Recently the prolific Chinese Mystery Snails were discovered at Melody Lake in the south east corner of Cortland County. These snails out compete native snails, altering the food chain, and carry parasites that affect local fish and waterfowl. They are nearly impossible to get rid of once introduced into a water body, so preventing the spread is key. There is also the Round goby, with its black spotted dorsal fin and suction cup like pelvic fins. This fish, which is not yet in Cortland County, out competes native fish and eats their eggs, so keeping it out of our waters is important for good fishing stock.

Though there are many aquatic invasive species that threaten local waterways the same steps can be used against all of them: Clean, Drain, and Dry.
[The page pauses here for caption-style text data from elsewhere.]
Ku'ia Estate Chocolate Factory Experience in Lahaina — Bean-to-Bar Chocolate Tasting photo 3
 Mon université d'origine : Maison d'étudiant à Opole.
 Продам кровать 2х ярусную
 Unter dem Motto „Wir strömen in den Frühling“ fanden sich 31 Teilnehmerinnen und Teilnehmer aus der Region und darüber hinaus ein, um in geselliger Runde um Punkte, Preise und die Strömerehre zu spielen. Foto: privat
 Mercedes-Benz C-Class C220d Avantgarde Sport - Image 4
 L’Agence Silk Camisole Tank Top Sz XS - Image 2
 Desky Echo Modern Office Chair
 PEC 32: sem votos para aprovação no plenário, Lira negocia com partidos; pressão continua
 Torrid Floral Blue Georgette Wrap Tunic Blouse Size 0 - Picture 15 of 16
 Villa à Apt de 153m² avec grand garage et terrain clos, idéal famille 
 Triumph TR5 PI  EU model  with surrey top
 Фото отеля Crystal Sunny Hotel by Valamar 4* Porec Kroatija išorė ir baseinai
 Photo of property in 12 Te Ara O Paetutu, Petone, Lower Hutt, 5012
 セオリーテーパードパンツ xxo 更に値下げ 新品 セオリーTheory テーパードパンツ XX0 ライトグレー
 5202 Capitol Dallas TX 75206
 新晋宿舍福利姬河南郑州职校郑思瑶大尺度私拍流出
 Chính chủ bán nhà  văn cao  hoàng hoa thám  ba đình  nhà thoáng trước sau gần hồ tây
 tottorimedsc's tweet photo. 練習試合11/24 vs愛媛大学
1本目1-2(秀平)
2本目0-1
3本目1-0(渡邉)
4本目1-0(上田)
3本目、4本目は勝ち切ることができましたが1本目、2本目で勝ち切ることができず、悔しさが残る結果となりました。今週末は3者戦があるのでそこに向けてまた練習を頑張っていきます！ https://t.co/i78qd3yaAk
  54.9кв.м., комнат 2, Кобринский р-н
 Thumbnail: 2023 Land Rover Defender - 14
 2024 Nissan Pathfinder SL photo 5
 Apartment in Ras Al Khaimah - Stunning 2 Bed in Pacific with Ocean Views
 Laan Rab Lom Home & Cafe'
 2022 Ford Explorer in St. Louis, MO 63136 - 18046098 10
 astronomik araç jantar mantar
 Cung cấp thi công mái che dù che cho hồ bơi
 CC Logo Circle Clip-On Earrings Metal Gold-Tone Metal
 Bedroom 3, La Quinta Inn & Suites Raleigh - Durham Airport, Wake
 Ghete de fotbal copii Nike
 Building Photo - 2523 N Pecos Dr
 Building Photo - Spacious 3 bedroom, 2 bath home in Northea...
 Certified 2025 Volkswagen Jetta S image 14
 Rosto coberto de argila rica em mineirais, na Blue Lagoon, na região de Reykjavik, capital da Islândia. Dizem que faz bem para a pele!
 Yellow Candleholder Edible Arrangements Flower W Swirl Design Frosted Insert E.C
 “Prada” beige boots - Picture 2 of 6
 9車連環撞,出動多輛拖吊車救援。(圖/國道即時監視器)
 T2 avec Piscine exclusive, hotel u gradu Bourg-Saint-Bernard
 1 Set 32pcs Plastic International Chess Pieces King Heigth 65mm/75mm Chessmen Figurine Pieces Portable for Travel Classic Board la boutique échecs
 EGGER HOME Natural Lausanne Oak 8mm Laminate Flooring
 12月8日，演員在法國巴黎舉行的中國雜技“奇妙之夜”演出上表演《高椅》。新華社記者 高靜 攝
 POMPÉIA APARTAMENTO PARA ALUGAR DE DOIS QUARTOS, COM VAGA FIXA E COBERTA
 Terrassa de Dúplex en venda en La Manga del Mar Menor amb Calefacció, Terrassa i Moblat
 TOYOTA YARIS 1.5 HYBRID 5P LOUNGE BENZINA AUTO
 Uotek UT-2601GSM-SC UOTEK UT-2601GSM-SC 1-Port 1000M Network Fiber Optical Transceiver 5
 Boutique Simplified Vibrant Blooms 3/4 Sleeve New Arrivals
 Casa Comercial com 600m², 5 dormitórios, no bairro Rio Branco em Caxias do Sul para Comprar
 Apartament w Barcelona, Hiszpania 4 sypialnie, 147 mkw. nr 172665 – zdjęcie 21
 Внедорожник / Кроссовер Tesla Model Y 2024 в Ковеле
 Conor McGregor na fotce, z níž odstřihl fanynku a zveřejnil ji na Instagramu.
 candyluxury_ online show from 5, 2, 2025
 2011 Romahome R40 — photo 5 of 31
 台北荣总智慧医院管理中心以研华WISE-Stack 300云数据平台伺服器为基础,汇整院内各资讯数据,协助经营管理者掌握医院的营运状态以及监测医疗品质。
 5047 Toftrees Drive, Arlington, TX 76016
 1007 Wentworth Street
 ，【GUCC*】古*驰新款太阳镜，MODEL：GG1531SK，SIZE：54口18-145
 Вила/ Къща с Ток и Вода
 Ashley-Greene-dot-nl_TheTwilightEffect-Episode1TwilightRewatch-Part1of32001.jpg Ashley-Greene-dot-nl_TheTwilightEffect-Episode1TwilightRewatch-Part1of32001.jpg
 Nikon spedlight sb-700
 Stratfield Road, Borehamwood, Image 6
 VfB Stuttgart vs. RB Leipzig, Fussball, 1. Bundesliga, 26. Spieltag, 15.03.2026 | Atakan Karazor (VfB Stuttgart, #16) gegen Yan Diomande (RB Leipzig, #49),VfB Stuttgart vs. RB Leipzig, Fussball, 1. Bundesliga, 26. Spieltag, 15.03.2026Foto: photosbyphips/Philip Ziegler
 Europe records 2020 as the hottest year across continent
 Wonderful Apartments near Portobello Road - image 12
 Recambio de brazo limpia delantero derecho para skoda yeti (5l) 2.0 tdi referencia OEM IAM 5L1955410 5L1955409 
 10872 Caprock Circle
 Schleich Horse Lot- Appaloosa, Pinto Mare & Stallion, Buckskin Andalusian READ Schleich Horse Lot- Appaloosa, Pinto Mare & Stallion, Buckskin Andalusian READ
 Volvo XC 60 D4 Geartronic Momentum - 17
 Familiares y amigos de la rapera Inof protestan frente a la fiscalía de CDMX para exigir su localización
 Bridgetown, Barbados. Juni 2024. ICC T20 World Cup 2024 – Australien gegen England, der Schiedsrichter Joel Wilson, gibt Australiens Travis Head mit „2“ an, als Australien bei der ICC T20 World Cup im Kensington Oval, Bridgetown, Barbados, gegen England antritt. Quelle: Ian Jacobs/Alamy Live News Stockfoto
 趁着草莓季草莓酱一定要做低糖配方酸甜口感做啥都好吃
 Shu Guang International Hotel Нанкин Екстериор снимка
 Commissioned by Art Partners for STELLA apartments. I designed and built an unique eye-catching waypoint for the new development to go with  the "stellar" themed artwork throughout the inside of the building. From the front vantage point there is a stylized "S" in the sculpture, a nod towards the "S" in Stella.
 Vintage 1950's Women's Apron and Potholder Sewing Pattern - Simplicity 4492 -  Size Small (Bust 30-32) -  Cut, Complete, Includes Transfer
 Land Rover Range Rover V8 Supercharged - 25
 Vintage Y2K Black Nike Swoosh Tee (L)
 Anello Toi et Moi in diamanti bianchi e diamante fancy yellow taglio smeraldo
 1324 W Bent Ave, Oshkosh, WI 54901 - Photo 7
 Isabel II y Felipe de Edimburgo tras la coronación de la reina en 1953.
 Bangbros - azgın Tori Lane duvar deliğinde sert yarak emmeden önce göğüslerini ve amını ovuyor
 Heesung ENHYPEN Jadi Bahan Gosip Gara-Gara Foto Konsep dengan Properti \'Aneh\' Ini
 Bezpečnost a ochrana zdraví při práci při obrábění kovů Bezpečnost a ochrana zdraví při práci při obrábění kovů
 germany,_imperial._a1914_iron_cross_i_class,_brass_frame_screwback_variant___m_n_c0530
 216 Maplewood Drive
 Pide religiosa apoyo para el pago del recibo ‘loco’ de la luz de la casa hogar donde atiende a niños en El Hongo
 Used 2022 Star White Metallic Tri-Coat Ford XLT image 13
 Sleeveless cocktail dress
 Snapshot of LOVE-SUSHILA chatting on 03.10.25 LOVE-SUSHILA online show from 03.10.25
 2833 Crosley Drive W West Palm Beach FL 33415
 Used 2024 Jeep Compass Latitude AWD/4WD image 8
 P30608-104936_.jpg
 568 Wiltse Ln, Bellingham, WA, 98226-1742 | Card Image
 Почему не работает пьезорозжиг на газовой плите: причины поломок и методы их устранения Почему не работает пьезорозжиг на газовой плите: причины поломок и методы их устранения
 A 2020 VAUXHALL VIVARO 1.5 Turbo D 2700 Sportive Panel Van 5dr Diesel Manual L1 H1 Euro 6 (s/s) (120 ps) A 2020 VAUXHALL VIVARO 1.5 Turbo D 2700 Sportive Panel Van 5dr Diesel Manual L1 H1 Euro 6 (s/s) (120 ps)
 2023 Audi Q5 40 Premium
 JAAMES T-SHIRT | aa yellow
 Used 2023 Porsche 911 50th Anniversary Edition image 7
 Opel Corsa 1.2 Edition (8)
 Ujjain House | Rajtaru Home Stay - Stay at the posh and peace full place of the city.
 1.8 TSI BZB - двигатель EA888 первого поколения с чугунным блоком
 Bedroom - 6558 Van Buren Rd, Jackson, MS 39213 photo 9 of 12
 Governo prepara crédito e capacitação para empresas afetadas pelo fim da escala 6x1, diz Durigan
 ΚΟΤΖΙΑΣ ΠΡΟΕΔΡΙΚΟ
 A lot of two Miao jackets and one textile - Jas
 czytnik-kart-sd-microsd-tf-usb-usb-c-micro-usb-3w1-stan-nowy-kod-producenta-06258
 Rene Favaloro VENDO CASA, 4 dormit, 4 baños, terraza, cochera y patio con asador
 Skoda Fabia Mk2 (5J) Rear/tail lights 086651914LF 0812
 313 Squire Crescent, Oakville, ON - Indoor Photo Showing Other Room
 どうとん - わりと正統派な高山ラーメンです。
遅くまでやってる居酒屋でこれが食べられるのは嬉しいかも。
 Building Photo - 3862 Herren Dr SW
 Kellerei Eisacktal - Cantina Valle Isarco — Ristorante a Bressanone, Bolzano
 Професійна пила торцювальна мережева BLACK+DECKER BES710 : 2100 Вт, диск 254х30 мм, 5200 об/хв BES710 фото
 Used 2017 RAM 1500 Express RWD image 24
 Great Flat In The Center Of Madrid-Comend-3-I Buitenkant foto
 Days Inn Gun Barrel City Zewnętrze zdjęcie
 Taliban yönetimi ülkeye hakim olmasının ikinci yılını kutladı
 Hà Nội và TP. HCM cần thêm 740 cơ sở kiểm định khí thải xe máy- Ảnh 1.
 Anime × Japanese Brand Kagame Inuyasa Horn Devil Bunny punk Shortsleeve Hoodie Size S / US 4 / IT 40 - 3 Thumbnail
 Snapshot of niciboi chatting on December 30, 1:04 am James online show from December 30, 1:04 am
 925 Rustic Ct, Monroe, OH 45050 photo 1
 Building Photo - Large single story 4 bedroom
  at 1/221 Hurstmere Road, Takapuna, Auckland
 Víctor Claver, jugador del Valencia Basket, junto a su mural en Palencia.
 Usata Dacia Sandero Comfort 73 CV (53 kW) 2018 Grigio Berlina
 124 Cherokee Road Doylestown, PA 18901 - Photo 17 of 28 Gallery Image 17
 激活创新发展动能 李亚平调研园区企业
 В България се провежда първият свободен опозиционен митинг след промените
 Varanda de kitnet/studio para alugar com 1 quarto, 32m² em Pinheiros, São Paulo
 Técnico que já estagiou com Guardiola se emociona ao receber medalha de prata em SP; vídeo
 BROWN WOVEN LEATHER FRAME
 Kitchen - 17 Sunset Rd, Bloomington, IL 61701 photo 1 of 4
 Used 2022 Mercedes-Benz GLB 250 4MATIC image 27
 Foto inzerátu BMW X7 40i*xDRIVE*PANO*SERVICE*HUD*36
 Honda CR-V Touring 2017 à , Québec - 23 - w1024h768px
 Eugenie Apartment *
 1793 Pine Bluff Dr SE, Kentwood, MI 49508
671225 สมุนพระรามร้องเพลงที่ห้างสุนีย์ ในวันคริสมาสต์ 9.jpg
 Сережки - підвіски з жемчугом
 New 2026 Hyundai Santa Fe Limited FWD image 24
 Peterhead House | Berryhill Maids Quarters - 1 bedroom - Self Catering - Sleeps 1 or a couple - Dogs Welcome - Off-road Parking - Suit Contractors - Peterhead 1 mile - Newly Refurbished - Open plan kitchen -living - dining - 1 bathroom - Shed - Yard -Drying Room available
Cleaning your watercraft, from paddle boards and kayaks to pontoon boats and jet skis, and letting all fishing gear and equipment dry before traveling to another waterbody should kill any invasive you may have picked up along the way. Also make sure to never dump bait buckets and live wells filled elsewhere into local water bodies, but empty them on dry land between trips. To help with these efforts SWCD has installed a brand new boat cleaning station near the entrance to Little York Lake. It has a wet vacuum, air blower, and hand tools available so boaters can inspect and clean their craft and trailers before they enter and after they leave the lake. It is free to the public and will be up and running throughout the season. There is also a boat steward on staff, out most weekends talking to boaters, collecting data on what species are here, and helping with inspections. Some species can survive up to thirty days on your boat, so diligence and constant awareness are important. You can do your part by remembering to Clean, Drain, and Dry every  

time you bring your boat to a new location in the county, state, or country.

To help prevent the spread of terrestrial invasive species like weeds and pests it is important to remove mud and plant material from your shoes so bugs, seeds, and plants parts are not brought from one hiking spot to another. For these same reasons camping gear and mountain bikes should also be washed and cleaned off between uses. To help with this there are boot brush stations for public use located at the entrances to many area parks to clean off your boots before and after your walk. There is one at Dwyer Park right near the trail map.

It is an uncertain world, but you can help our community by taking your time preparing for outdoor activities with Clean, Drain, and Dry measures and by cleaning your boots and camping gear. Then you can feel safe knowing you are doing your part to stop the spread of invasive species and protect local waters and lands that are so important to the Central New York and Cortland County way of life, now more than ever.